# Your goal:
With pictures removed, the data below should be returned exactly.

# Source data:
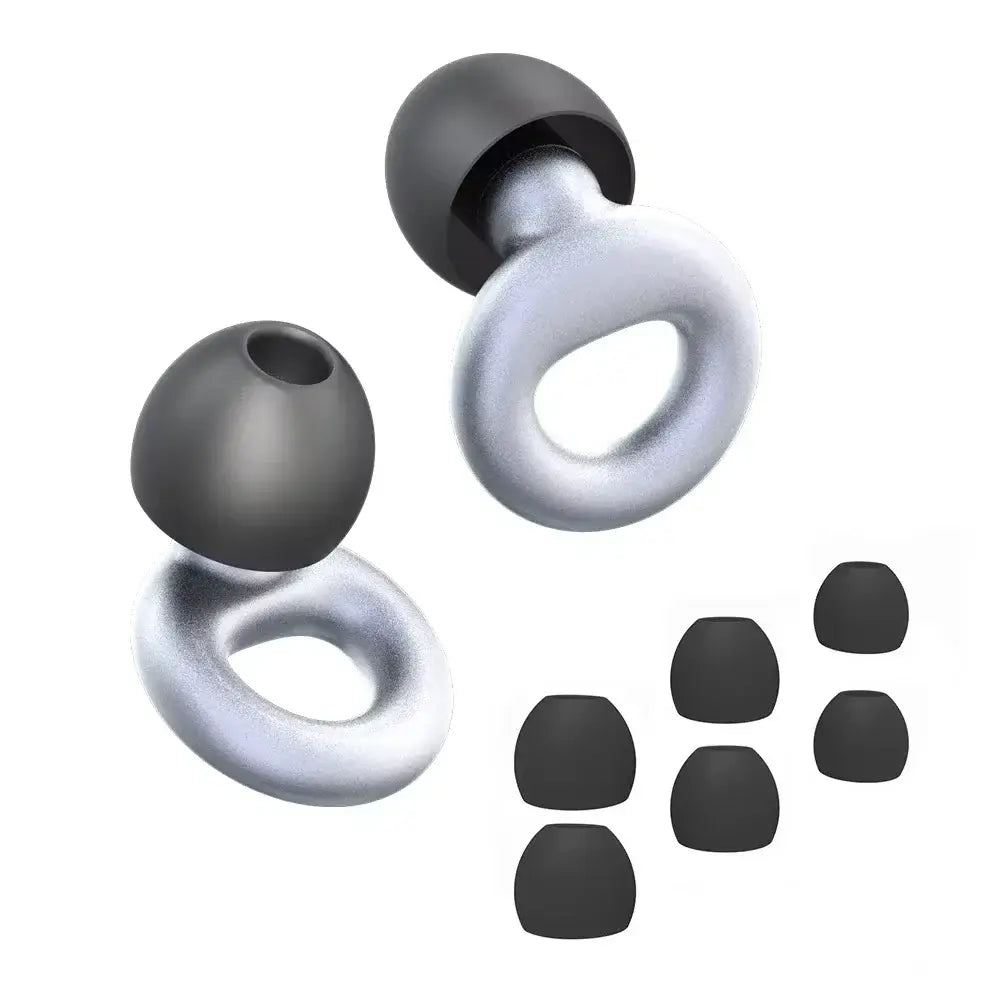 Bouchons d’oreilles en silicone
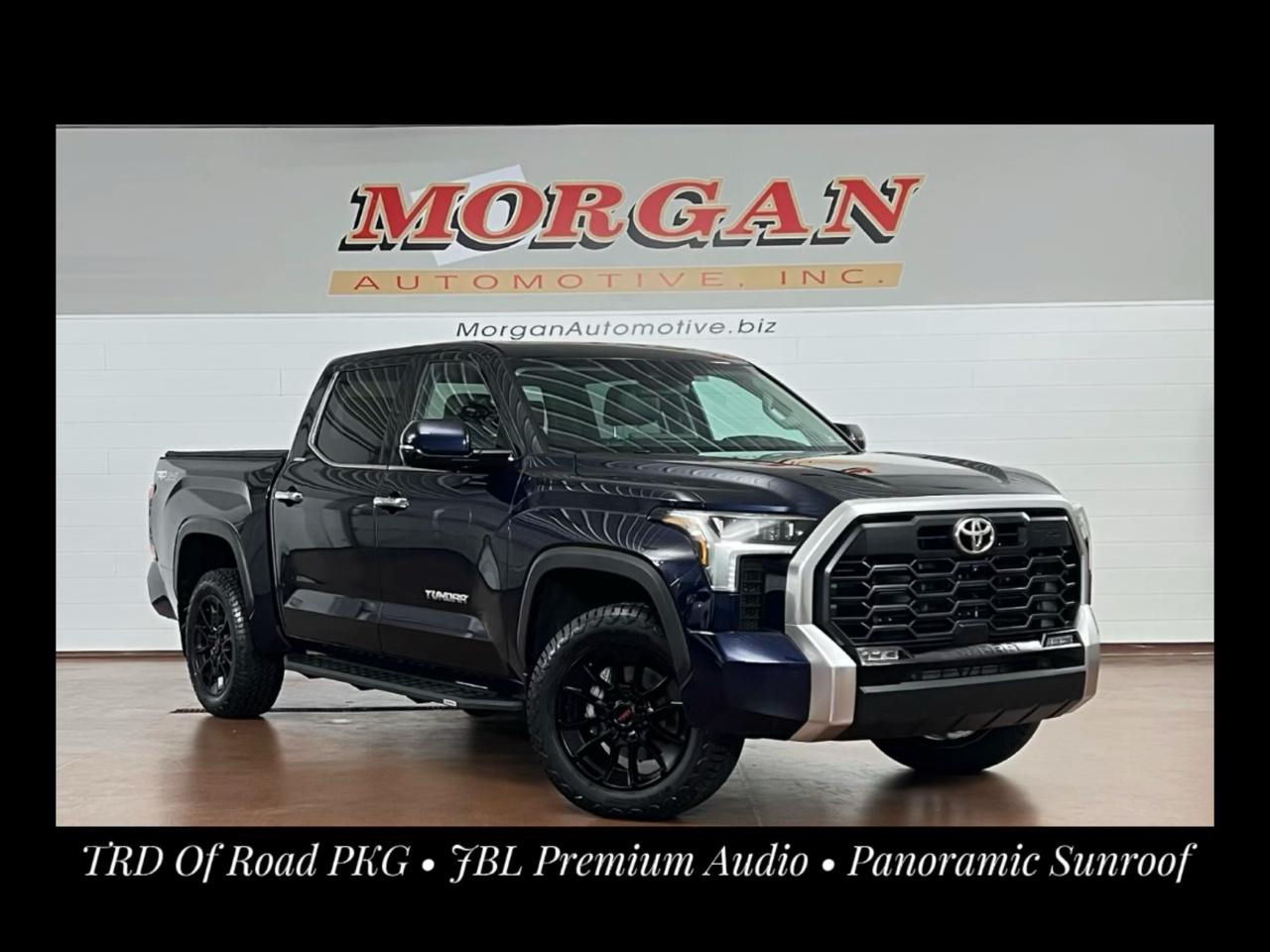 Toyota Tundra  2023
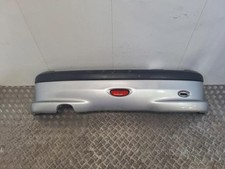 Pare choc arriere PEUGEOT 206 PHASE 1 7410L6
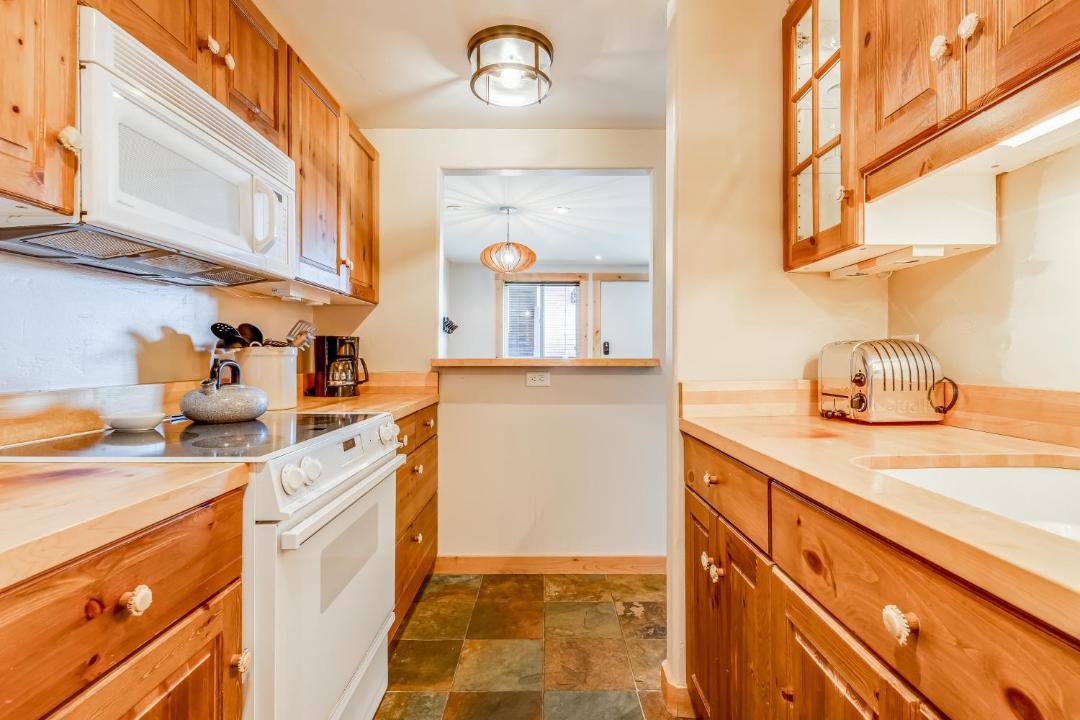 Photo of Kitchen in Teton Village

# Answer:
 Bouchons d’oreilles en silicone
 Toyota Tundra  2023
 Pare choc arriere PEUGEOT 206 PHASE 1 7410L6
 Photo of Kitchen in Teton Village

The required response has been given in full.